Но, если русский художник XX века не знает, что он изображает советскую Россию, если художник в Германии 30–х годов не опознает, что он участник особой истории, особой — гитлеровской — Германии, то вряд ли он достойный свидетель времени, и вряд ли он полноценный художник и доброкачественный мыслитель. Социальная история стала стихией, которая захватила частную жизнь человека: нет, не только частную, но и публичную жизнь, умственную, профессиональную жизнь. Сказать точнее — история встала между человеком и его жизнью, между ним и его же мыслью, и частной и публичной. К каждой теме — хотя бы, допустим, к исследованию Плутарха (как вы понимаете, я вспоминаю первую работу Сергея Сергеевича Аверинцева) — можно стало пройти только через эту среду, иначе даже простое историческое и филологическое исследование самых удаленных предметов стало бы ложным и бессмысленным. Этот переворот совершило время, которое Лосев называет «таким ужасным» — время Солженицына.
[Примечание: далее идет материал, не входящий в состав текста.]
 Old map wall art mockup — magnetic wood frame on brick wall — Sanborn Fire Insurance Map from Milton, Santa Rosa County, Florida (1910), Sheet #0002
Нужно заметить, что в это же самое время, в XX веке, и в европейской мысли появилась тема этого преобладающего вездесущего социального. Экзистенциалистская тема расчеловеченного человека, анонимного человека, находящегося во власти некоей надчеловеческой социальной силы, на фрейдовском языке — безличного «супер — эго» в психике каждого. Но тут даже не приходится сравнивать Солженицына с его европейскими современниками: это совсем другая и по — другому понятая социальность, и, соответственно, совсем другие выводы делаются из ее «тайнозрения». Естественно, сама реальность социального, с которой имеют дело Камю и Солженицын, несколько разная. Социальность Солженицына — это идейно, квазирелигиозно обоснованная социальность, в ней есть некоторая позитивность: во всяком случае она претендует на некоторую позитивность. Она выдвигает ценности, ради которых человек должен пожертвовать собой и своим. Тогда как герой экзистенциализма, «посторонний» и себе самому и всему вне его, социальный человек Европы — у него нет никакой «положительной» программы, он как будто ничему и не служит, и не должен служить. Довольно трудно определить, что собственно составляет эту стихию, пожирающую личность, которую называют das Mensch, l’on и др. Русским соответствием здесь было бы слово «люди» в определенном употреблении: «как у людей», «что люди скажут». Во всяком случае, позитивной, идеологической программы у этих «людей» нет.